TextSCD: Leveraging Text-based Semantic Guidance for Remote Sensing Image Semantic Change Detection
Keywords: Semantic change detection, Vision-language representation learning, Multi-task learning, Remote sensing
Abstract. Semantic change detection (SCD) in remote sensing image aims to identify semantic alterations between bi-temporal images captured at the same geographic location. SCD is extensively applied in fields such as environmental monitoring and disaster assessment. Despite significant advancements in deep learning leading to numerous successful approaches, most existing methods primarily rely on visual representation learning, thereby overlooking the potential benefits of multimodal data. Recently, vision-language models have demonstrated outstanding performance across various downstream tasks. In this paper, we propose a novel framework named TextSCD that leverages text-based semantic information to guide the generation of semantic change maps.

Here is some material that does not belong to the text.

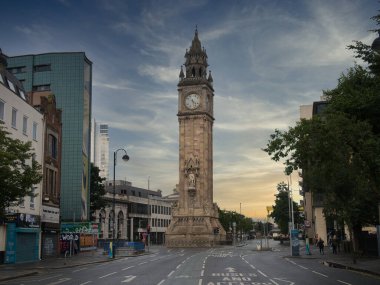 Albert Memorial Saati, Kuzey İrlanda, Belfast 'taki Queen Meydanı' nda. 1869 'da tamamlandı ve Belfast' ın en bilinen simgelerinden biridir..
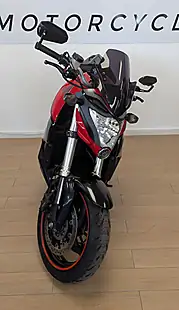 Used 2017 Honda CB1000R Red - Interior and Exterior details 4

Our approach integrates Gemini to generate change descriptions between bi-temporal images and employs a multi-level semantic extraction method to capture features from both images and their corresponding captions. Furthermore, we introduce a semantic text-guided interaction module that facilitates the effective integration of visual and textual features, enhancing multimodal knowledge transfer and the extraction of discriminative features. This design effectively reduces false detections and omissions. We validate the effectiveness of our model on the SECOND dataset, achieving notable improvements in overall accuracy for semantic change detection.